October 18, 2005 at 1:08 AM

This weekend I saw C, a friend and musician I like and respect a lot. I hadn’t seen him in two years, so I asked him where he’s been and what’s happened. He told me that his father died last year. His father was terminally ill and knew that he had only a few months to live, so he did what was important to him. He went back to his homeland, Ireland, with his two sons. C said that it was a wonderful experience, seeing the place where his father grew up. More important, though, was the talking they did. They said to each other everything that needed to be said. When I heard this, gave C a hug.

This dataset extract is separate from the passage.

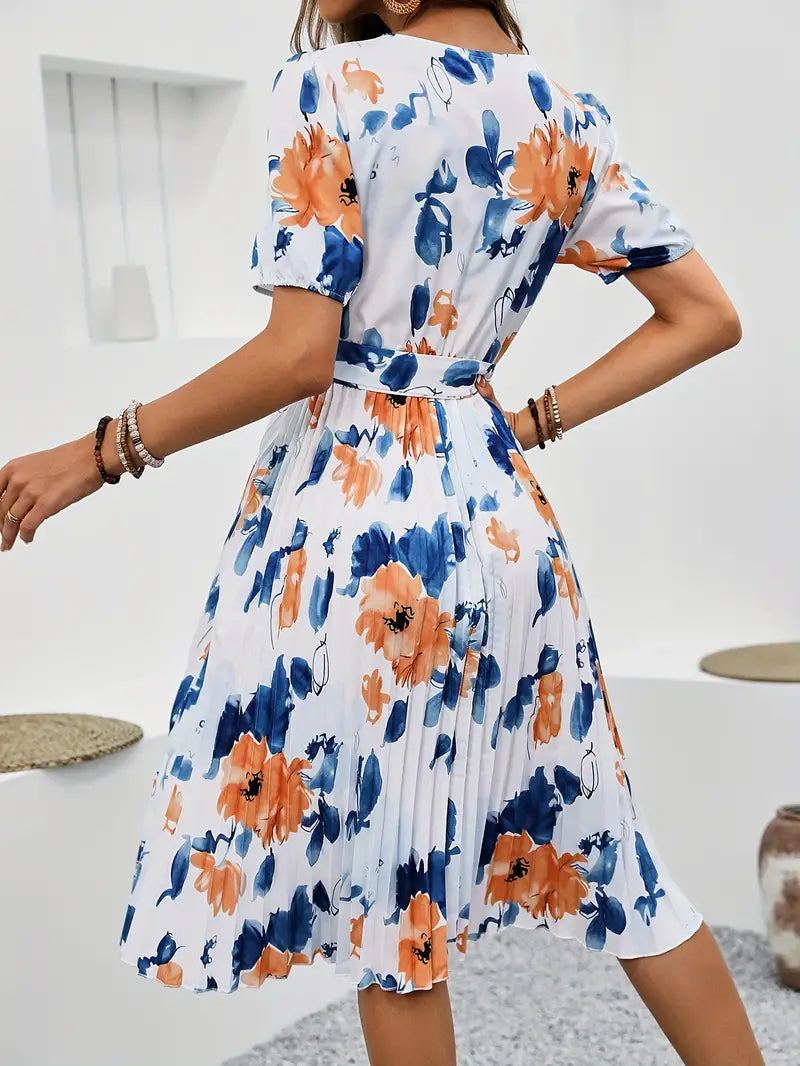 Jurk met ceintuur en geplooide zoom met bloemenprint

We were joined by a bunch of friends, and we sat around singing and playing music. After a while, we played and sang Mary Ellen Carter . I can’t paraphrase it, so I won’t even try. It is a song that has saved many people in danger physically and/or emotionally, inspiring us to “rise again.” C told us about a time that this song had saved him. He was lying in bed in a Veterans’ Hospital, nearly out of his mind in pain. His hip had been shattered when his jeep was hit by enemy fire in Vietnam. (It took some serious surgery to replace most of his hip with plastic.) The hospital staff wasn’t paying much attention to him. They acted like he was a drug addict when he asked for painkillers. C thought of Mary Ellen Carter and raised hell until the staff took care of him. They gave him painkillers and they performed surgery. After hearing this, I hugged C again.

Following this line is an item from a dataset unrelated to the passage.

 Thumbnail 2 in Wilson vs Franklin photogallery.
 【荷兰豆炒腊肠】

We played and sang some more, and someone started playing Ashokan Farewell. I normally don’t like this song, but after C talked about it, I did. C told us that his father was buried with full military honors at the National Cemetery near Washington DC. This cemetery arouses great pride and respect in so many Americans. Many of our national heroes, from JFK to the Unknown Soldier, are buried there. C was a pallbearer and so was his grandson. During the procession, music was provided by one fiddler playing Ashokan Farewell. Everyone was so moved. They were used to hearing Taps and other honorific songs played by brass instruments, but no one – certainly not a fiddler – had played Ashokan Farewell. The troops were teary-eyed, and the officer in charge told them to slacken. When C finished his story, someone said, “Let’s play that again, this time with just the string section.” The string section consisted of one violist and two fiddlers, including me. We played it, and, I must say, we sounded good. Then I got up and hugged C again.